• [TRY IT]:
For every record here, output an exact copy.

• [TASK INPUT]:

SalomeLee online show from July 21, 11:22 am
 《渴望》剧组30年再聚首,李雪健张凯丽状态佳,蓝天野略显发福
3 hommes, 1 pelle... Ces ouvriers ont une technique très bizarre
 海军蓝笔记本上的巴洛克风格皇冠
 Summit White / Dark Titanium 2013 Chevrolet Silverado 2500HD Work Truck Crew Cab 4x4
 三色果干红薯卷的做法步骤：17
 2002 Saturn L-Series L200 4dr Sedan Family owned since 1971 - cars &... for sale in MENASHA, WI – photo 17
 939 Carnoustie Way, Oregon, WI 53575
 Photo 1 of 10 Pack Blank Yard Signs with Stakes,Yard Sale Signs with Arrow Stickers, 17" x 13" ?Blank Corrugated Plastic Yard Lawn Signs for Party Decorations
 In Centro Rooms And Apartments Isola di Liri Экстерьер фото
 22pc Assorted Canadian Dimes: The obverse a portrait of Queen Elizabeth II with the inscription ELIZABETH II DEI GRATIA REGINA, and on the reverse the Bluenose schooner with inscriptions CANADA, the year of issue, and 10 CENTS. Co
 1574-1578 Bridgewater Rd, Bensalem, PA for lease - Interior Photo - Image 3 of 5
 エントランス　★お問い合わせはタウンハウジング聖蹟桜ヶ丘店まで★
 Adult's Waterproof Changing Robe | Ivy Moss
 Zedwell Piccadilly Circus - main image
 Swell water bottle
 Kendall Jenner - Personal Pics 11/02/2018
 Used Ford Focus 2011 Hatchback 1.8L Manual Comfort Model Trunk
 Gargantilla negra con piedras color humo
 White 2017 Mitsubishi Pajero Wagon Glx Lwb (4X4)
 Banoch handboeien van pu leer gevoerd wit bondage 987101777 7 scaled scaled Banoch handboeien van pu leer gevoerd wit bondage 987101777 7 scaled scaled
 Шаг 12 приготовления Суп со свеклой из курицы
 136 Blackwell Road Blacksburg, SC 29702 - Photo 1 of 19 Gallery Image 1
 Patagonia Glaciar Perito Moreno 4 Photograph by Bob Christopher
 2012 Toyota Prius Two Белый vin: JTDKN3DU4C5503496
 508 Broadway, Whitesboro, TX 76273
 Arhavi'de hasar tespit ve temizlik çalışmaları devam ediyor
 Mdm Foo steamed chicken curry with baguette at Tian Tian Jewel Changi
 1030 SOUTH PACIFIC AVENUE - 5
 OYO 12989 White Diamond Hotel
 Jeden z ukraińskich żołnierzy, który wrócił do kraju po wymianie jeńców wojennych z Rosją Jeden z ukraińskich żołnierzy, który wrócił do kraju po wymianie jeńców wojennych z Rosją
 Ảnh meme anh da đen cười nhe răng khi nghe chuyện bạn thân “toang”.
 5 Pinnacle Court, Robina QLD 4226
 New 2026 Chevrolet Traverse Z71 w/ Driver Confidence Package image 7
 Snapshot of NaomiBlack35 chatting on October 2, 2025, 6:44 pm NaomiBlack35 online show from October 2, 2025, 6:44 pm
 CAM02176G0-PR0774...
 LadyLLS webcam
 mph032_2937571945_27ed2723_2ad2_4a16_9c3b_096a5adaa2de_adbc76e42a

• [REPLY TO THE EXERCISE]:
SalomeLee online show from July 21, 11:22 am
 《渴望》剧组30年再聚首,李雪健张凯丽状态佳,蓝天野略显发福
3 hommes, 1 pelle... Ces ouvriers ont une technique très bizarre
 海军蓝笔记本上的巴洛克风格皇冠
 Summit White / Dark Titanium 2013 Chevrolet Silverado 2500HD Work Truck Crew Cab 4x4
 三色果干红薯卷的做法步骤：17
 2002 Saturn L-Series L200 4dr Sedan Family owned since 1971 - cars &... for sale in MENASHA, WI – photo 17
 939 Carnoustie Way, Oregon, WI 53575
 Photo 1 of 10 Pack Blank Yard Signs with Stakes,Yard Sale Signs with Arrow Stickers, 17" x 13" ?Blank Corrugated Plastic Yard Lawn Signs for Party Decorations
 In Centro Rooms And Apartments Isola di Liri Экстерьер фото
 22pc Assorted Canadian Dimes: The obverse a portrait of Queen Elizabeth II with the inscription ELIZABETH II DEI GRATIA REGINA, and on the reverse the Bluenose schooner with inscriptions CANADA, the year of issue, and 10 CENTS. Co
 1574-1578 Bridgewater Rd, Bensalem, PA for lease - Interior Photo - Image 3 of 5
 エントランス　★お問い合わせはタウンハウジング聖蹟桜ヶ丘店まで★
 Adult's Waterproof Changing Robe | Ivy Moss
 Zedwell Piccadilly Circus - main image
 Swell water bottle
 Kendall Jenner - Personal Pics 11/02/2018
 Used Ford Focus 2011 Hatchback 1.8L Manual Comfort Model Trunk
 Gargantilla negra con piedras color humo
 White 2017 Mitsubishi Pajero Wagon Glx Lwb (4X4)
 Banoch handboeien van pu leer gevoerd wit bondage 987101777 7 scaled scaled Banoch handboeien van pu leer gevoerd wit bondage 987101777 7 scaled scaled
 Шаг 12 приготовления Суп со свеклой из курицы
 136 Blackwell Road Blacksburg, SC 29702 - Photo 1 of 19 Gallery Image 1
 Patagonia Glaciar Perito Moreno 4 Photograph by Bob Christopher
 2012 Toyota Prius Two Белый vin: JTDKN3DU4C5503496
 508 Broadway, Whitesboro, TX 76273
 Arhavi'de hasar tespit ve temizlik çalışmaları devam ediyor
 Mdm Foo steamed chicken curry with baguette at Tian Tian Jewel Changi
 1030 SOUTH PACIFIC AVENUE - 5
 OYO 12989 White Diamond Hotel
 Jeden z ukraińskich żołnierzy, który wrócił do kraju po wymianie jeńców wojennych z Rosją Jeden z ukraińskich żołnierzy, który wrócił do kraju po wymianie jeńców wojennych z Rosją
 Ảnh meme anh da đen cười nhe răng khi nghe chuyện bạn thân “toang”.
 5 Pinnacle Court, Robina QLD 4226
 New 2026 Chevrolet Traverse Z71 w/ Driver Confidence Package image 7
 Snapshot of NaomiBlack35 chatting on October 2, 2025, 6:44 pm NaomiBlack35 online show from October 2, 2025, 6:44 pm
 CAM02176G0-PR0774...
 LadyLLS webcam
 mph032_2937571945_27ed2723_2ad2_4a16_9c3b_096a5adaa2de_adbc76e42a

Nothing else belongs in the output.